Logistics Trends: Fedex to Handle More Ground Shipments than Air in '05

Narrowing gap between air and surface shipments an ongoing trend, Colography Group reports

Narrowing gap between air and surface shipments an ongoing trend, Colography Group reports

Atlanta  May 23, 2005  For the first time in its history, FedEx Corp. this year is expected to transport more domestic ground shipments than domestic air shipments, according to a forecast released today by research organization The Colography Group.
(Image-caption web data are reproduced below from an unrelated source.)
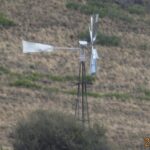Windpump Installations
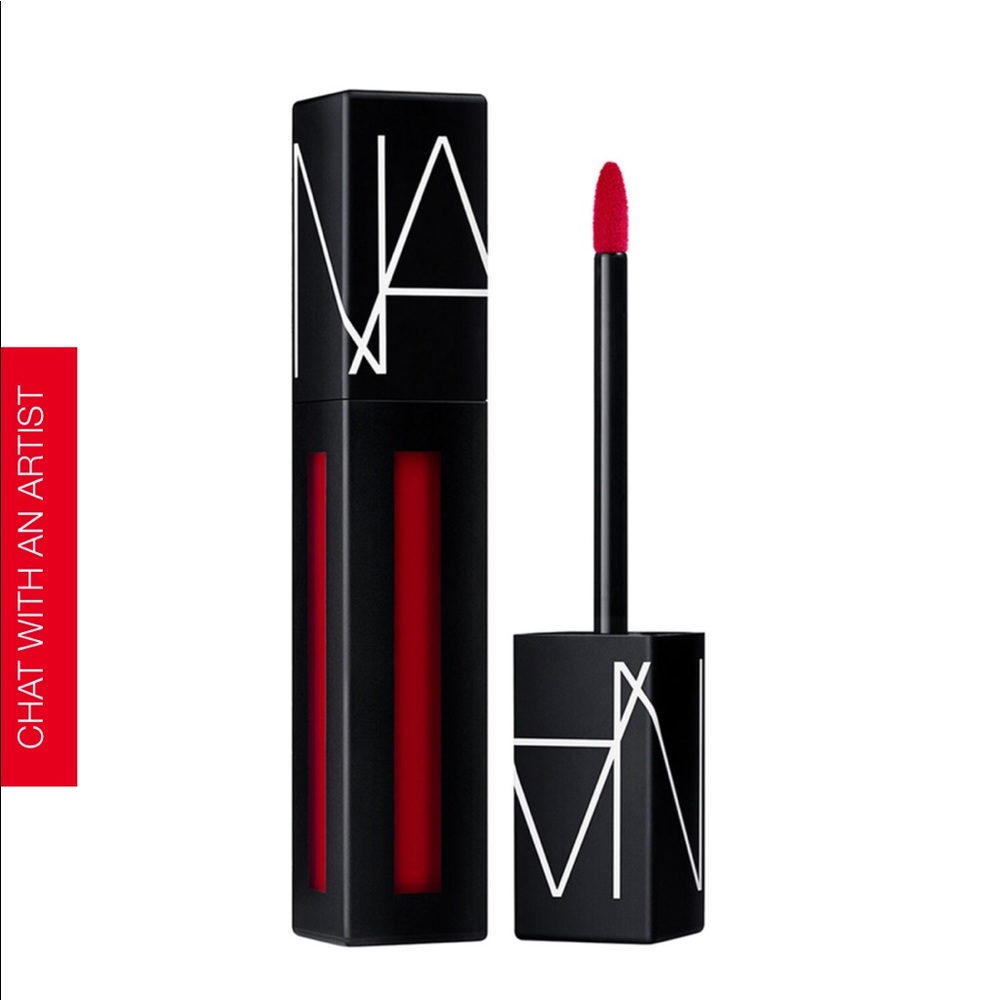 NIB NARS Powermatte Lip Pigment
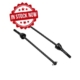 Juego de ejes transmisión universales delanteros Maverick Quantum 2 (2pcs) MV150447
Colography estimated that slightly more than 50 percent of FedEx's 2005 domestic shipments will move either via its ground parcel services (FedEx Ground) or its less-than-truckload (LTL) subsidiary (FedEx Freight). About 48.9 percent of its domestic shipments will move in ground parcel services, while slightly more than 1.1 percent will move via LTL.
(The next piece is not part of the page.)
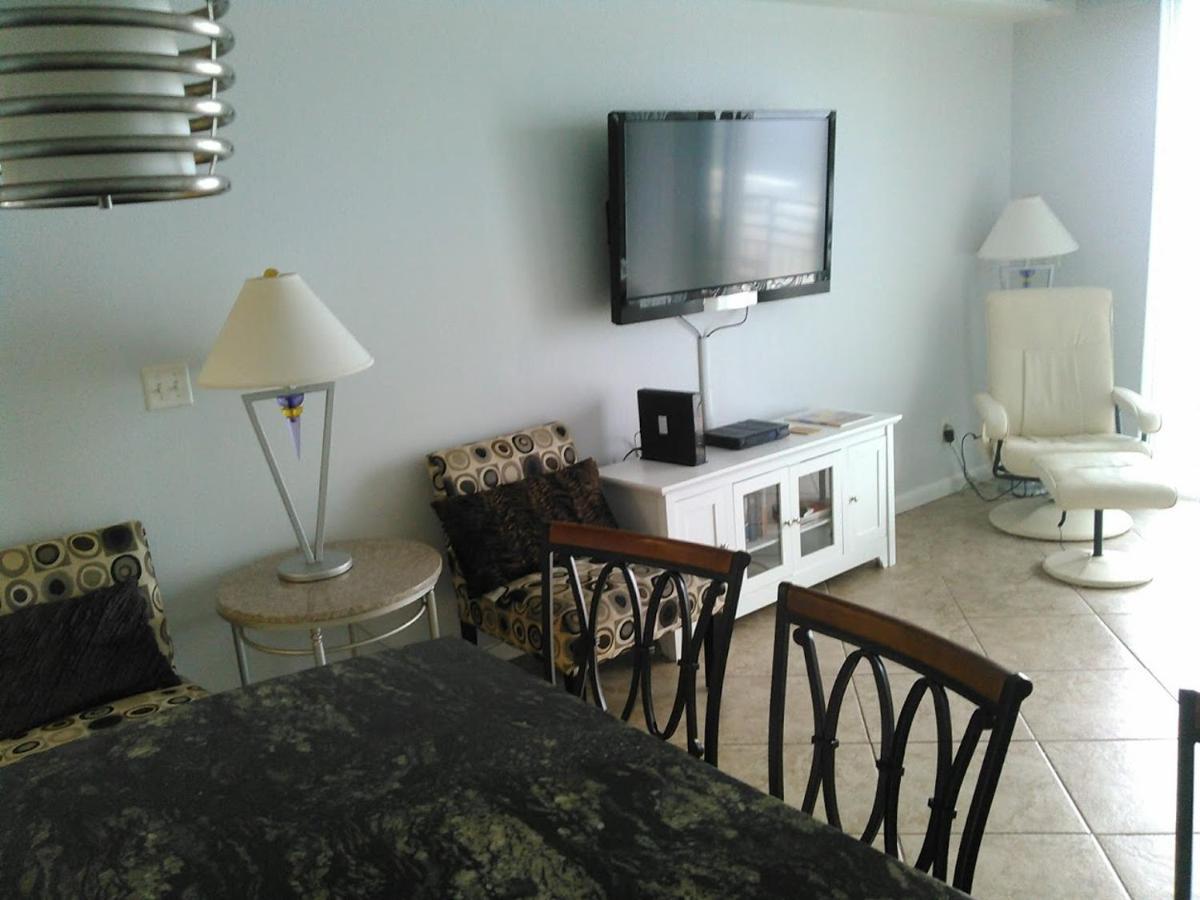 Ocean Walk Resort Daytona Beach Eksteriør bilde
The research group projected that shipments moving via air (FedEx Express) will comprise 49.9 percent of FedEx's shipment mix. This marks the first time the percentage of FedEx's domestic traffic moving by air has fallen below 50 percent in a given year.
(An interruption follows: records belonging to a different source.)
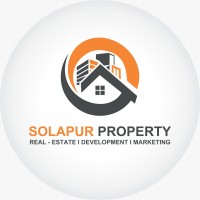 Solapur Property - Real Estate Company in Solapur logo - Similar company to Stellar Brain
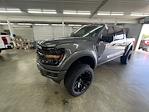 2025 Ford F-150 Super Crew 4x4 Rocky Ridge Premium Lifted Truck for sale #1FTFW3L56SKD92880 - photo 4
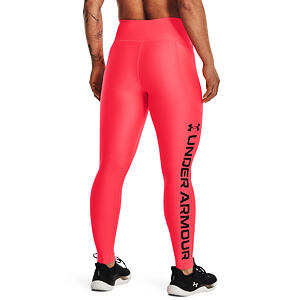 Dámske kompresné legíny Under Armour Armour Branded Legging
"This is a watershed event, but not an unexpected one," said Ted Scherck, president of The Colography Group. "The gap between FedEx's air and surface shipment mix has been narrowing for the past seven years, starting about the time FedEx acquired the parent of the former Roadway Package System and challenged UPS' dominance of the domestic ground parcel segment."

Scherck added: "If our projections are accurate, this trend will persist for years to come with surface transport representing an ever-larger share of FedEx's U.S. shipping mix. This reflects the growing role of ground transportation in the national economy."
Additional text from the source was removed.